Submitted to: Environmental Quality
Publication Type: Peer Reviewed Journal
Publication Acceptance Date: 8/29/2024
Publication Date: N/A
Citation: N/A

Interpretive Summary: Phosphorus (P) from past nutrient management can contribute to water quality concerns decades after it was applied as fertilizer or manure: a dynamic known as ‘legacy P’. Legacy P presents a long-lasting obstacle for P management. The USDA Legacy P project was created to provide critical research on legacy P dynamics across a variety of agricultural settings and scales. Here, we analyzed more than 600 soils and sediments from seven sites where legacy P is a concern. Across all sites, potentially mobile P stores could supply significant dissolved P losses for decades. We built a model to predict the potential of soil or sediment P to release to water; this model, based on fundamental P sorption chemistry, proved highly predictive across the diversity of physical and chemical characteristics studied. These findings can guide the future generation of P transport models, meaning that we can better predict the impacts of legacy P on water quality such as harmful algal blooms.

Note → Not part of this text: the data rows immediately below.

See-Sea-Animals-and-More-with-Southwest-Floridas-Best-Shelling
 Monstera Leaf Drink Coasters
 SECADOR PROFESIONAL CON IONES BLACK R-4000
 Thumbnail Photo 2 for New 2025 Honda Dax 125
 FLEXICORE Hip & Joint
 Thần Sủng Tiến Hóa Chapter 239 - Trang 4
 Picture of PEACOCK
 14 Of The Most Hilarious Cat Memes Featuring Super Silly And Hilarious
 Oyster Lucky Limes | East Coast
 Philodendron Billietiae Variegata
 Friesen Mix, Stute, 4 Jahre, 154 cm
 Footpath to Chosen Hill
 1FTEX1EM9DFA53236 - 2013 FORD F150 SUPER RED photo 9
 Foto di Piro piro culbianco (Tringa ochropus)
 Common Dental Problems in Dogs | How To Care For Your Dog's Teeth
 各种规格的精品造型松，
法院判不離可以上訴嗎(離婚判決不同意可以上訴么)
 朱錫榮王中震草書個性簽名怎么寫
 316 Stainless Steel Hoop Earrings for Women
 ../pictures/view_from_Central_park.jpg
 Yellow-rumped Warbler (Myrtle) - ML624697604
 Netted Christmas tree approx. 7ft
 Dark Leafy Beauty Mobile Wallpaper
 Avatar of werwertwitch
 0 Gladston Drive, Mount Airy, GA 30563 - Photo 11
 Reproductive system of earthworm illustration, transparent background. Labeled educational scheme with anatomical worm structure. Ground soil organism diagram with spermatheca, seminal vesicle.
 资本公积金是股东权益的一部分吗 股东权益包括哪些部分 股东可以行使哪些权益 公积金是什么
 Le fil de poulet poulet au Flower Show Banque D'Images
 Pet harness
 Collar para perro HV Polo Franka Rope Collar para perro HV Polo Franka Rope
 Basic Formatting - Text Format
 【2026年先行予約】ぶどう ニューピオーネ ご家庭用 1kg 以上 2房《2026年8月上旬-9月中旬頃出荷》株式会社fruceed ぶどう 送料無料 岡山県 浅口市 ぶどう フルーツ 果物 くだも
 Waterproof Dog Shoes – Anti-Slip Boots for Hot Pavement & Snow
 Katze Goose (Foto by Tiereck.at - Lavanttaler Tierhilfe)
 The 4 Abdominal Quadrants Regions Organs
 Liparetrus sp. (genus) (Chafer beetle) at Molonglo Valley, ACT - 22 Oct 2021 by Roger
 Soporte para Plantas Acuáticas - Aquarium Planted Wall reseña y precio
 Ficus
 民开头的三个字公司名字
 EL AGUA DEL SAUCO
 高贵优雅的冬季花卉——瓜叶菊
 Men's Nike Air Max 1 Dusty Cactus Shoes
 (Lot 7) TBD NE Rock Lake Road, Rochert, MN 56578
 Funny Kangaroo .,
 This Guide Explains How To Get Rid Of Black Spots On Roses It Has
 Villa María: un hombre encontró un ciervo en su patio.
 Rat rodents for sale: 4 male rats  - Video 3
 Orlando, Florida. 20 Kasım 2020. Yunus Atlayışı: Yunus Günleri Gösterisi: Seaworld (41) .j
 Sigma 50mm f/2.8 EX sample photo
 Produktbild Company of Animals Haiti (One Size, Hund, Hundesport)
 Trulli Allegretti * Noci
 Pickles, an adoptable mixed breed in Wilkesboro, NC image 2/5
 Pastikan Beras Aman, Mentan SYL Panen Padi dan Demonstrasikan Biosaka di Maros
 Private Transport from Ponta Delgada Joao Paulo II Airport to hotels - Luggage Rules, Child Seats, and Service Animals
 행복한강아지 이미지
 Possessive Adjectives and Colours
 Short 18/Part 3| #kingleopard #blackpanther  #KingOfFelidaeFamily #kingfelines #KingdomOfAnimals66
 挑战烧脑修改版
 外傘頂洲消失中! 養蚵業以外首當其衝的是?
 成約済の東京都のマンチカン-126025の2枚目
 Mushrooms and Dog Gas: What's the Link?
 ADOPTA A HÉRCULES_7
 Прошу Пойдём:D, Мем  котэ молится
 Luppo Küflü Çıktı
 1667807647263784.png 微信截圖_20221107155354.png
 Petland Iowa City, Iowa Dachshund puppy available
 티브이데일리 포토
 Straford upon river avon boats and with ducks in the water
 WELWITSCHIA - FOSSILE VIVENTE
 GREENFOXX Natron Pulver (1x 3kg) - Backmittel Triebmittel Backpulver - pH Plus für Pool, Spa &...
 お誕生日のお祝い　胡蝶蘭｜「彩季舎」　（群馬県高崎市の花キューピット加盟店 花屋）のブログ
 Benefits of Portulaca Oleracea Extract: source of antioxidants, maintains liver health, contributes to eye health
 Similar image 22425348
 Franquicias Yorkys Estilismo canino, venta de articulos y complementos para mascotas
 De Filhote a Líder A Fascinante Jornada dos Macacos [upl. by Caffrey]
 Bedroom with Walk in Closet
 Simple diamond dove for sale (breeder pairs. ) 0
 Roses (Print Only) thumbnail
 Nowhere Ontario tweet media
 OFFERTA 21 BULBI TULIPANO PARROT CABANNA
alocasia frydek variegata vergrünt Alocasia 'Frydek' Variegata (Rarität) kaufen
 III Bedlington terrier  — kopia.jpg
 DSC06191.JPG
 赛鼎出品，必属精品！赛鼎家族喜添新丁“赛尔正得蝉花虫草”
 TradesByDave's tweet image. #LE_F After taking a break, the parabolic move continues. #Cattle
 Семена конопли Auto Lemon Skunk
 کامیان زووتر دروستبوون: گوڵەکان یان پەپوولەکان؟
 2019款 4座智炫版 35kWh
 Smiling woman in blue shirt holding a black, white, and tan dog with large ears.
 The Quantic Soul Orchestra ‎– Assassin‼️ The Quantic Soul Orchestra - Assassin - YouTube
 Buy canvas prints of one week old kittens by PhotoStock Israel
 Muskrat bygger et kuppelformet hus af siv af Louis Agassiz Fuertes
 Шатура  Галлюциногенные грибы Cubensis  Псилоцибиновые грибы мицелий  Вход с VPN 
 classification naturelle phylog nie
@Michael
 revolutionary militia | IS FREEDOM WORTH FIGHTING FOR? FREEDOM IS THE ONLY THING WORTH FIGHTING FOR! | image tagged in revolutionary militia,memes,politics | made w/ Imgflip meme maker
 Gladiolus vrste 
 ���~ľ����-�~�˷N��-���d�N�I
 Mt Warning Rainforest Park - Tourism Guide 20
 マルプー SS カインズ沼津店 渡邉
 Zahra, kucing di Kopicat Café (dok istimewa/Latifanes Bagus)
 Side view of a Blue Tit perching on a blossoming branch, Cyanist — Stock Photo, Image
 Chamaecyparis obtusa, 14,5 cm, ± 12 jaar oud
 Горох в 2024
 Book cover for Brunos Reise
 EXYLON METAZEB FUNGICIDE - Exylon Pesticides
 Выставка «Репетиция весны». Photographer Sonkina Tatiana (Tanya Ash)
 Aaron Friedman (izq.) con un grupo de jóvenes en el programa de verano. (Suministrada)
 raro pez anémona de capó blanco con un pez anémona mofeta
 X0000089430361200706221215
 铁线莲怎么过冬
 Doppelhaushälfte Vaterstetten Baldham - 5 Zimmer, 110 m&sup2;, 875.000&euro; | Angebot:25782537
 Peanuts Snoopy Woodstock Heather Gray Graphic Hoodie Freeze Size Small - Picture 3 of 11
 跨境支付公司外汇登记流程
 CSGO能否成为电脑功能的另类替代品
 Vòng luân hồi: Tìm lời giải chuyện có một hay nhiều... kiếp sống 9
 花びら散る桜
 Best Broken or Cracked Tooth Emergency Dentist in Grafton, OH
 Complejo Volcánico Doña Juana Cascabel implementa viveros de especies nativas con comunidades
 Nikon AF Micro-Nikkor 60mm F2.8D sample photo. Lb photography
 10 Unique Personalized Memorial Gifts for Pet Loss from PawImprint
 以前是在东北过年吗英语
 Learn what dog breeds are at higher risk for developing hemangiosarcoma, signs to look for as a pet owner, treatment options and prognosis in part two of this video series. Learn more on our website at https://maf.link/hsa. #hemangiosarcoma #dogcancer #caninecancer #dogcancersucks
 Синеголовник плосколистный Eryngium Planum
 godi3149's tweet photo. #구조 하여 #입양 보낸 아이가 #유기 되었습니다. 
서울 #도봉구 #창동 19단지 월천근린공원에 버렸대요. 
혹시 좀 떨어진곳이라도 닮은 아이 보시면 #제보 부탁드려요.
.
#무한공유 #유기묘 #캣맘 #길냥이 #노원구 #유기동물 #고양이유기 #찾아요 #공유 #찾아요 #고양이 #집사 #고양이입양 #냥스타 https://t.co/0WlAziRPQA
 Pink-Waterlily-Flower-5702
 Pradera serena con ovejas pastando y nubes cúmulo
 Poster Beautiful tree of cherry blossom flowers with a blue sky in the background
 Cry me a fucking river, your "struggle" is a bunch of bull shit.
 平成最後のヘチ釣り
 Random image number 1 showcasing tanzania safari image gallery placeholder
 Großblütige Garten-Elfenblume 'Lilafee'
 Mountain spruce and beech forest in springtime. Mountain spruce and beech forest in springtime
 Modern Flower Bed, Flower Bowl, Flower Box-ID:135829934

Technical Abstract: The buffering of phosphorus (P) in the landscape delays management outcomes for water quality. If stored in labile form, P may readily pollute waters. Herein, we studied P lability for more than 600 soils and sediments across seven study locations in the USA. Labile P stocks were large enough to sustain high P losses for decades, indicating the transport-limited regime typical of legacy P. Sediments were often more sorptive for P than nearby soils. Soils in the top 5 cm had 1.3 to 3.0 times more labile P than soils at 5–15 cm. Stratification in soil test P and total P was, however, less consistent. As environmental P exchange via sorption follows the difference in intensity between solution and the surface of soil or sediment, we built a model for the equilibrium phosphate concentration at net zero sorption (EPC0) as a function of labile P quantity and buffer capacity. Despite widely varying properties across sites, the model generalized well for all soils and sediments: EPC0 increased sharply with more labile P and to greater degree when buffer capacity was low or sorption sites were likely more saturated. This quantity-intensity-buffer relationship is central to the P transport models we rely on today. Our data inform the improvement of such P models, which will be necessary to predict the impacts of legacy P. Further, this work reaffirms the position of labile P as a key focus for environmental P management.